|Book Review: ‘Attack on Orleans: The World War I Submarine Raid on Cape Cod’|
|Written by Heather Bailey|
Ask most people what was the only place on American soil that was fired upon during the first World War and they will most likely look at you with a blank stare. Surely they must be referring to World War II and somewhere out in the middle of the Pacific Ocean, far from the crowded shores of the U.S. East Coast. However ask someone from the outer parts of Cape Cod and you might just get a different answer. Lucky for us, native Cape Codder Jake Klim has chronicled the arrival of a German U-boat off the shores of Nauset Beach, located on the outermost part of the Cape's elbow.
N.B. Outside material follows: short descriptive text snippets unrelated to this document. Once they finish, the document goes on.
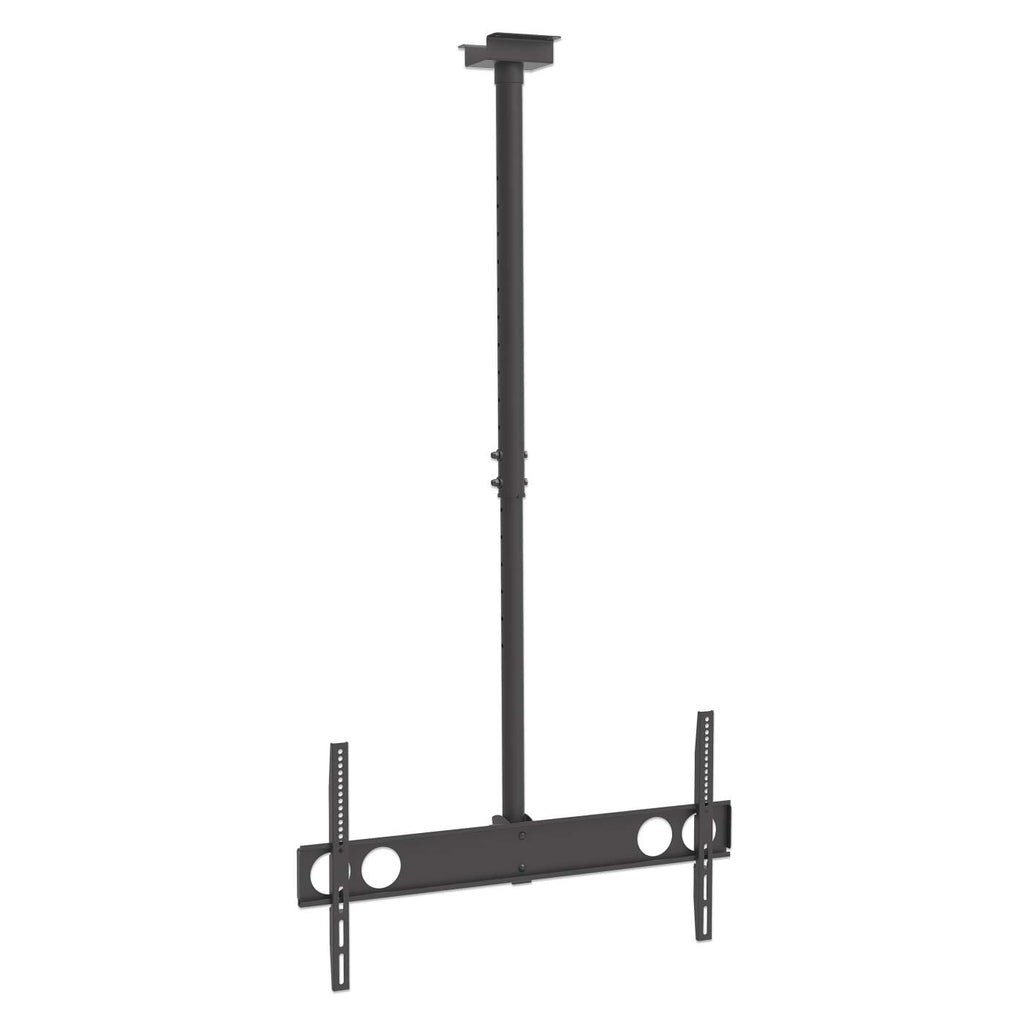 Manhattan Plafondbeugel voor TV’s en monitoren, voor schermen 37"–75", hoogte verstelbaar 105–156 cm, VESA-compatibiliteit: van 200x200 tot 800x400 mm (controleer de afmetingen van de vier montagegaten aan de achterzijde), max. 50 kg, zwart - Afbeelding 3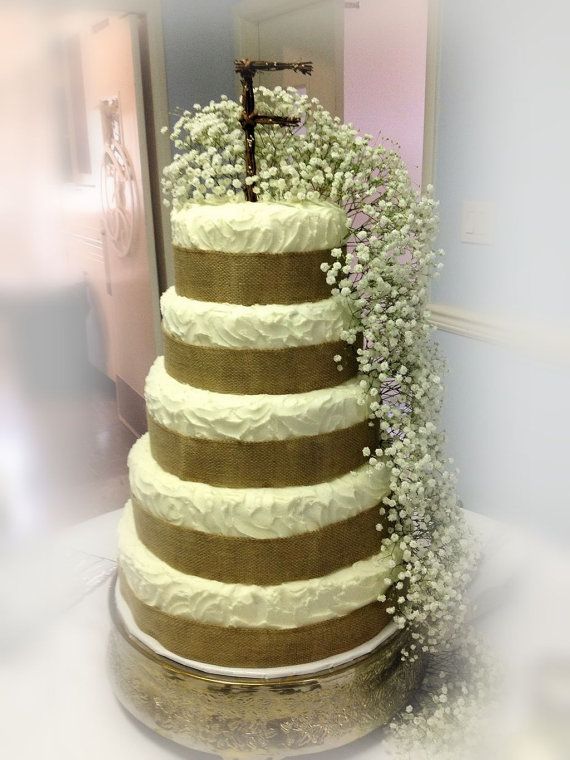 Mariage - Gâteau de mariage Topper - Rustique personnalisé Grapevine Lettre - Style d'impression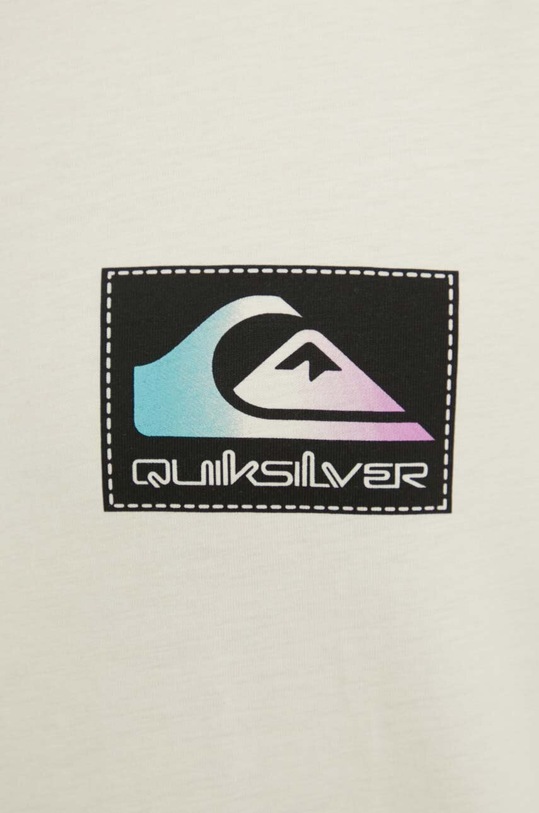 Quiksilver t-shirt bawełniany EQYZT07605 beżowy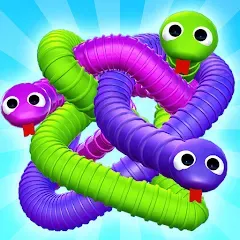Скачать Tangled Snakes Puzzle Game [MOD: разблокированы все уровни и подсказки]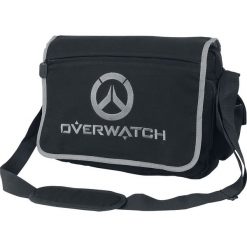Overwatch Logo Torba na ramię czarny. Czarne torby na ramię męskie marki Overwatch, z nadrukiem, z nadrukiem. Za 199,90 zł.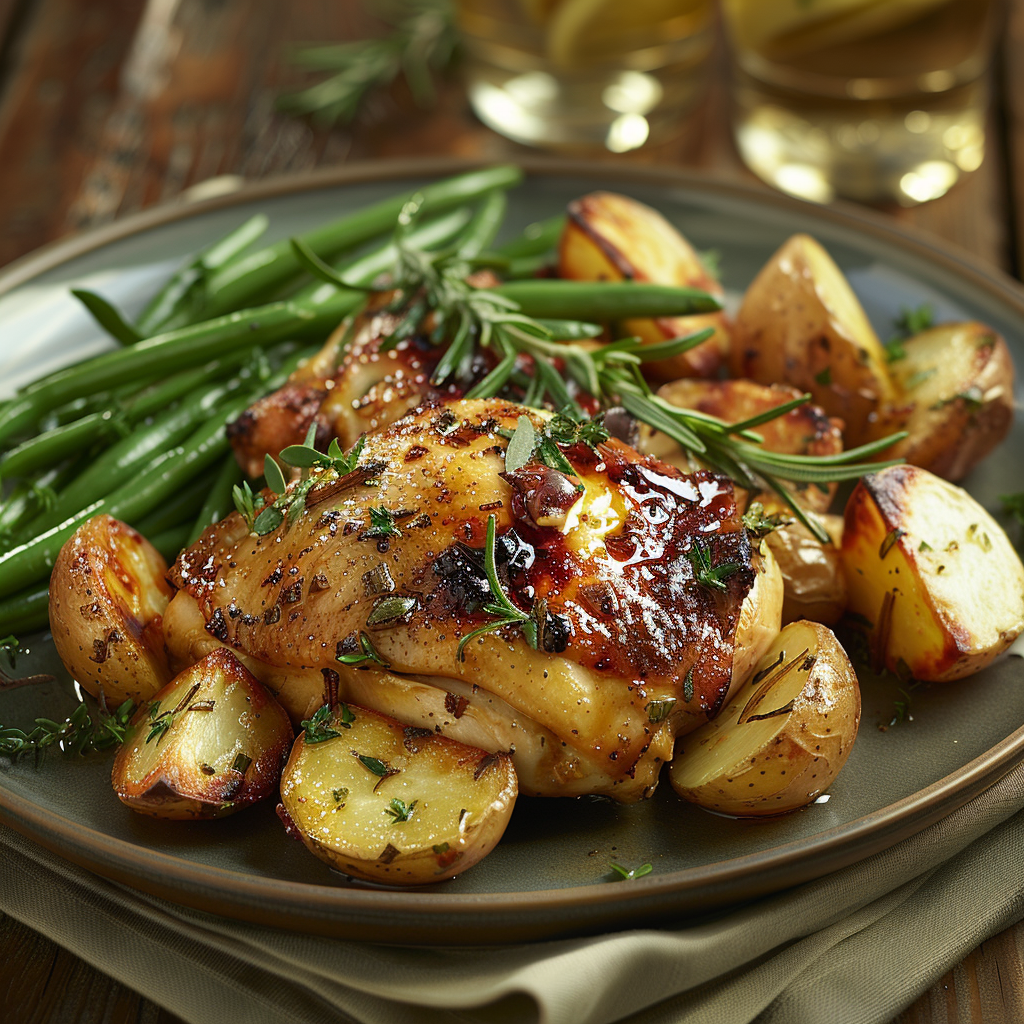Baked Chicken with Garlic and Rosemary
His book “Attack on Orleans, The World War I Submarine Raid on Cape Cod” tells a story that is little known but still a rather significant event in U.S. naval history.
The book illuminates events that occurred on a sultry Sunday morning, July 21, 1918. Most Americans were aware of the new German technology known as U-boats that were responsible for sinking allied ships throughout the North Sea and Eastern Atlantic for much of the war. It didn't seem possible at the time they could build those hulking steel submarines with enough range to actually make the transatlantic journey, but Klim's book sheds light on that innovation as well as many other capabilities these early submarines had, making them formidable weapons during the war.
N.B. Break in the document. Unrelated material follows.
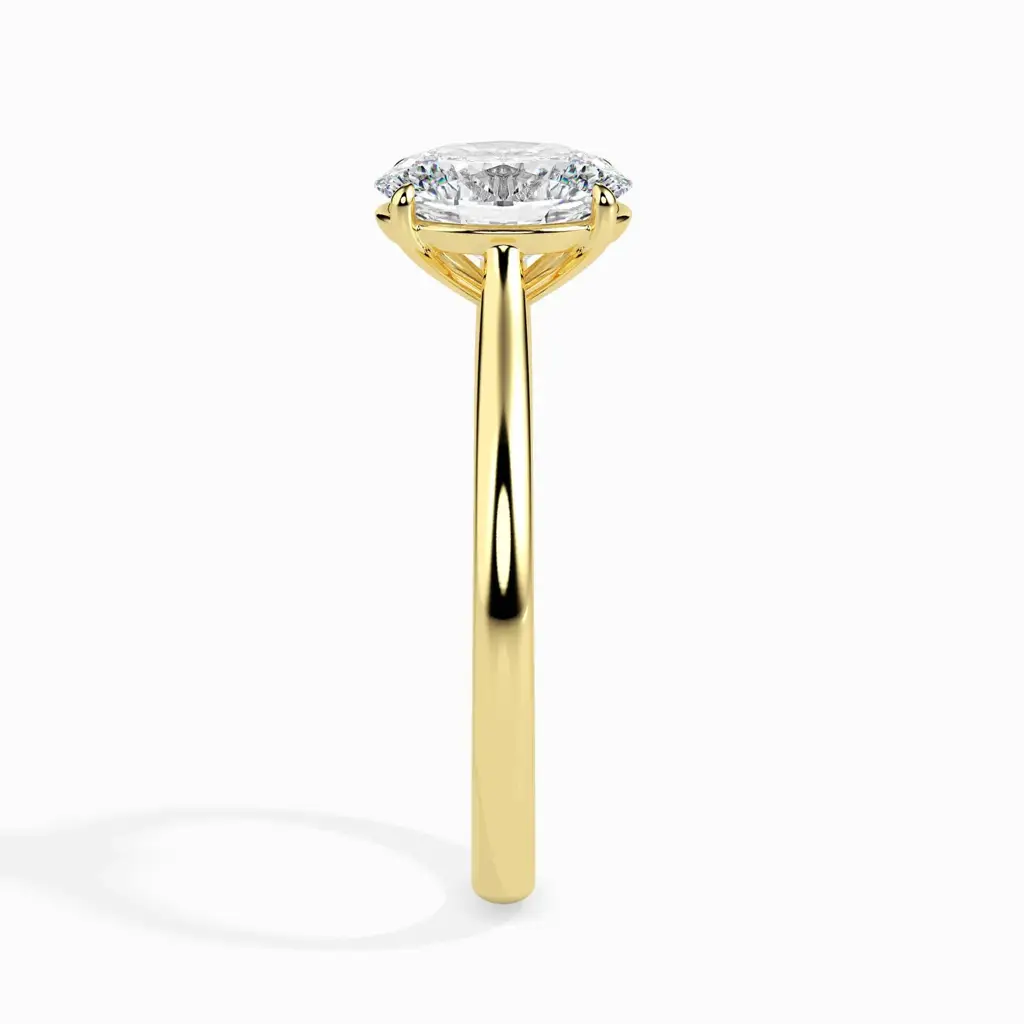1 Carat Oval Solitaire Ring : 14kRoseZNR87F10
The book does not simply cover the morning of the attack, which lasted approximately 2.5 hours, but delves briefly into the lives of the people who played a significant role in the battle. Klim introduces us to Robert Pierce, who ran Lifesaving Station #40 out on Nauset Beach and was responsible for saving the families on the Perth Amboy and the other tugboats that were attacked that fateful day. We also learn about Eric Lingard, who was one of the earliest Navy fighter pilots based at the new Chatham Naval Air Station and how he played a critical role in attempting to turn the tide in the attack on Nauset Beach. We are introduced to a whole host of men and women, ranging from other military personnel stationed in Chatham to the families and mates on the tugboats, to the Orleans residents who were both bystanders and first responders. There are a large number of historical photographs, many from the collection of noted Orleans historian William P. Quinn, that lend faces to these brave men and women, who were the only Americans to face foreign invaders on U.S. soil during the first great war.
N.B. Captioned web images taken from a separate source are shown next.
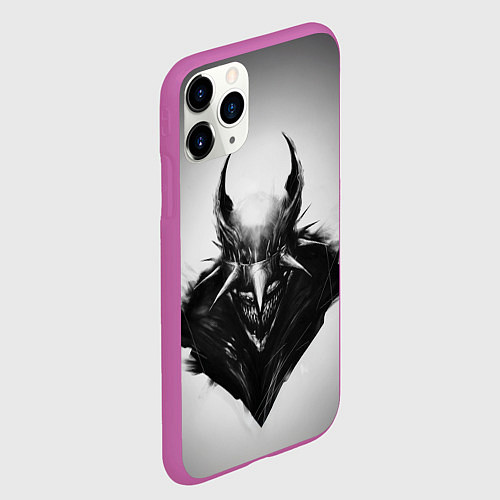 Чехол iPhone 11 Pro матовый Batman who laughs / 3D-Фиолетовый – фото 2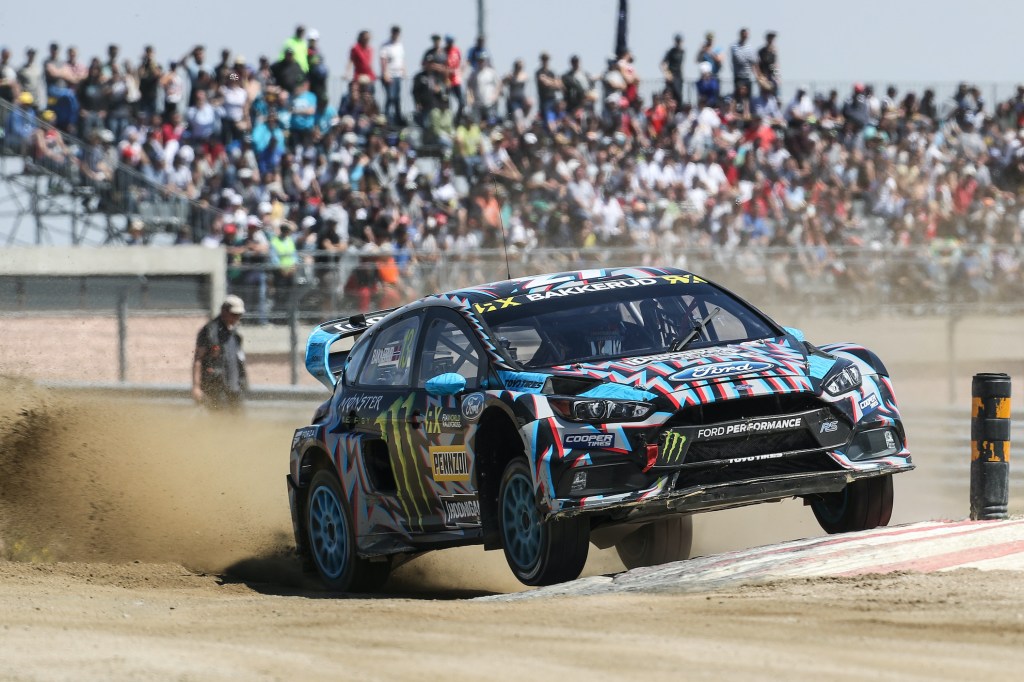 Andreas BAKKERUD (NOR) in Ford Focus RS of Hoonigan Racing Division in action during the World RX of Portugal 2017
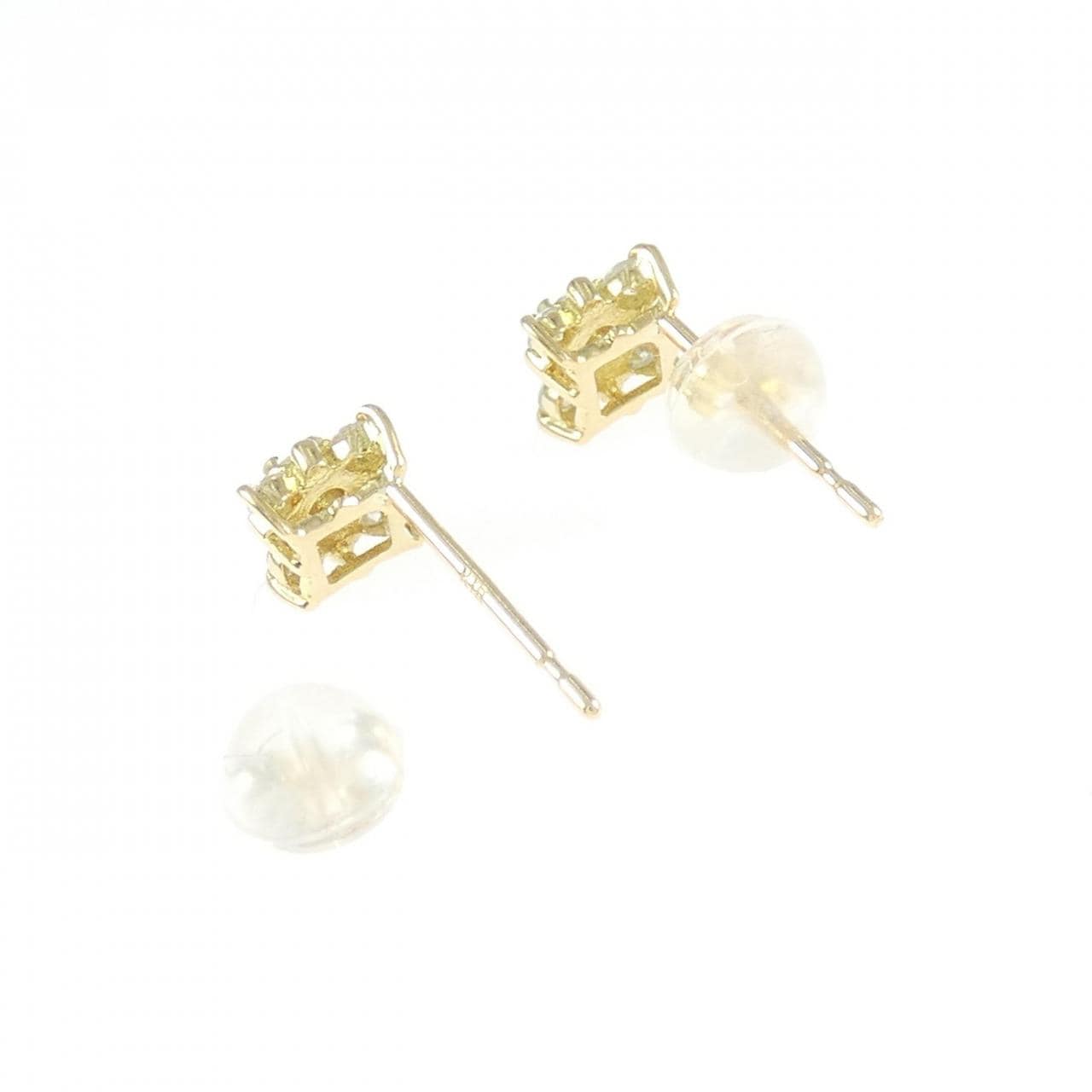 K18YG ダイヤモンド ピアス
It is easy for us as American citizens to take a back seat to the many conflicts our country is involved in because they rarely come close enough to home to make us acutely aware of them. For the summer cottage owners on the bluff we now call Nauset Heights that humid July morning, the war hit very close to home. Jake Klim's “Attack on Orleans” relates an important piece of U.S. history that is little known and reminds us that we were vulnerable then and we still are today.